To be candid with you, Forefront serves a strictly internal purpose as well, which is to promote a culture of cross-functional strategic thinking and operations within our Bank. All organizations are looking for ways to break down silos and encourage problem identification and resolution from different viewpoints. One of my goals for Forefront was for it to help us build a better Bank.
For me, interviewing outside experts has been the most fun and stimulating aspect of each Forefront issue. These experts often challenge us to think differently about the world we live in, and to consider policy solutions that we might not have taken as seriously as we ought to, or even put on the table. I gained valuable insights from every person I interviewed and find myself going back into the text to rediscover something that we discussed. I wish I had the space to explain what I found so stimulating about each one, but space doesn’t permit that. Nevertheless, let me randomly cite a few that illustrate the power of economic logic applied to public policy issues, as well as define some of the limitations of that logic.
For me, interviewing outside experts has been the most fun and stimulating aspect of each Forefront issue.
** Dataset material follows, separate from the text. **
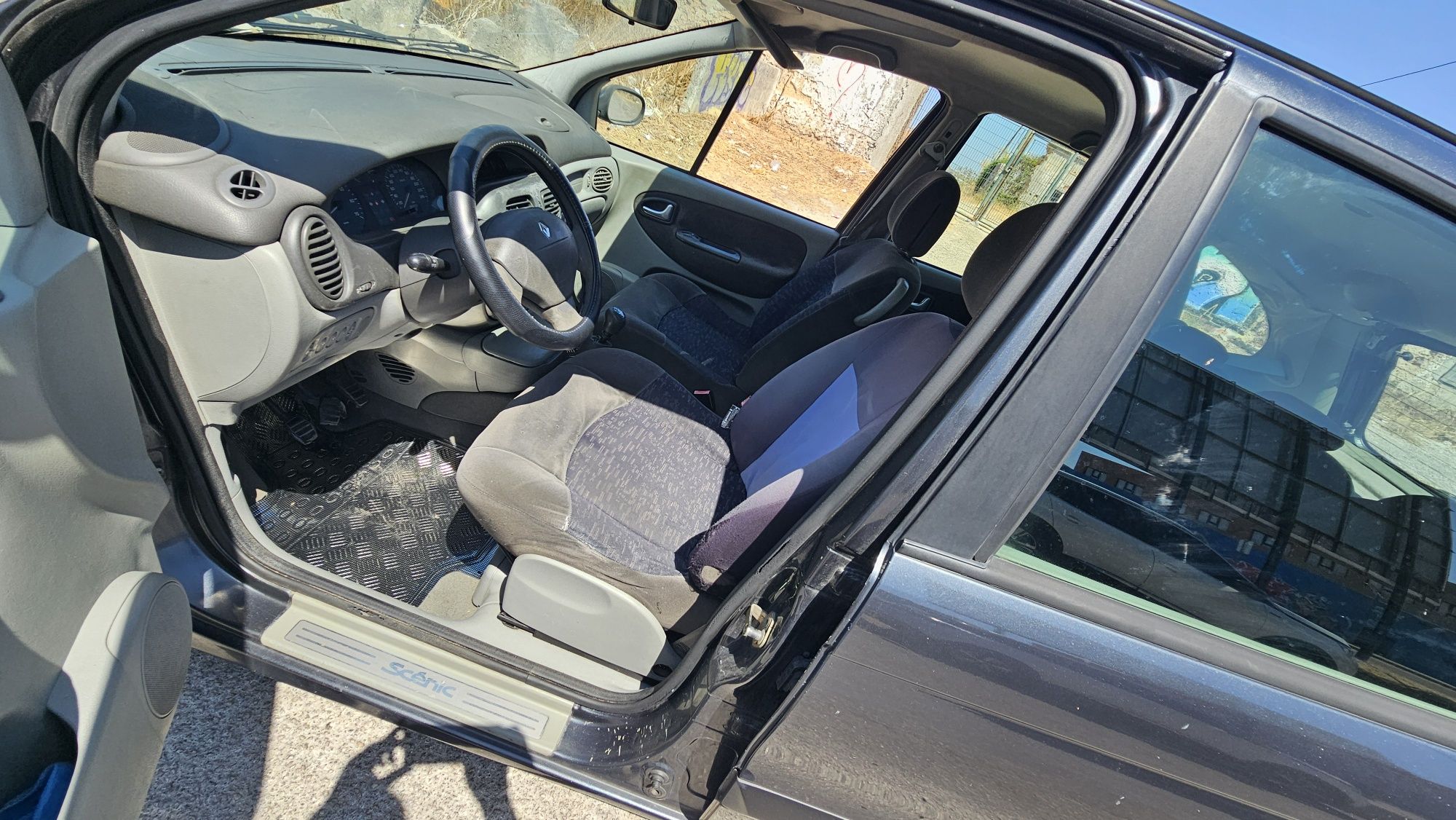Renault Scenic 1.4 16 válvulas ano 2003 a gasolina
My first interview was with Anil Kashyup at the University of Chicago in 2010, in the wake of the financial crisis, while the Dodd-Frank Act was taking shape. Kashyup discussed the reasons for the crisis and what he regarded as the course of action that Congress and the financial regulators should take. There is a lot of meat in that story, and I think it is a good read.
Later that year I interviewed Art Rolnick on the subject of early childhood education. Rolnick maintains that investment in high-quality pre-K programs can achieve greater returns than investments in most other kinds of public programs. Since then the topic has received increasing attention, and many states and cities have rolled out new programs. I regard this as an extremely important public policy issue and would like to see more people informed about it.
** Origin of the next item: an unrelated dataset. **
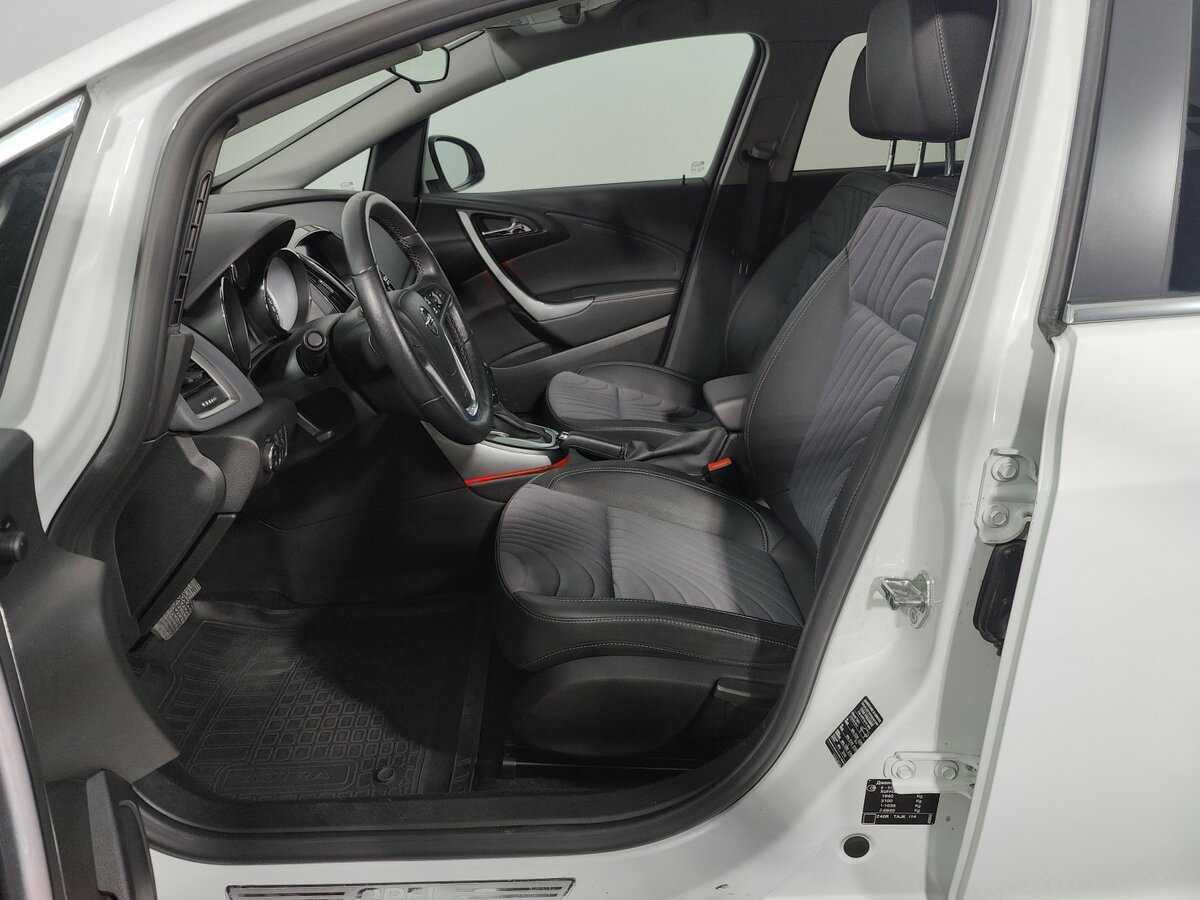 Б/У Опель Астра 2014 года. Фото: #9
Price Fishback from the University of Arizona sat down with me in 2011 to discuss similarities and differences between the Great Depression and the Great Recession, and Barry Eichengreen talked with me last year about economic history more generally. Each of these conversations reminded me of the valuable role that economic history can play in the formulation of current economic policies. As they say, history may not repeat itself, but it rhymes.
The last interview I will call out is the one in this issue, with Princeton’s cognitive scientist Eldar Shafir. Shafir contrasts psychologists’ and economists’ views about human decision making [Spoiler alert: economists beware!]. His analysis illustrates why consumers are prone to making poor choices in the marketplace, and why protecting consumers from unscrupulous sellers is not as easy as you might think.
These and other interviews, along with the rest of Forefront, are examples of the ongoing conversation we want to have with you, our readers, about the vital economic issues of our times. As I shift my own role from editor to reader, I firmly intend to remain involved in that conversation. Forefront staff, bring it on!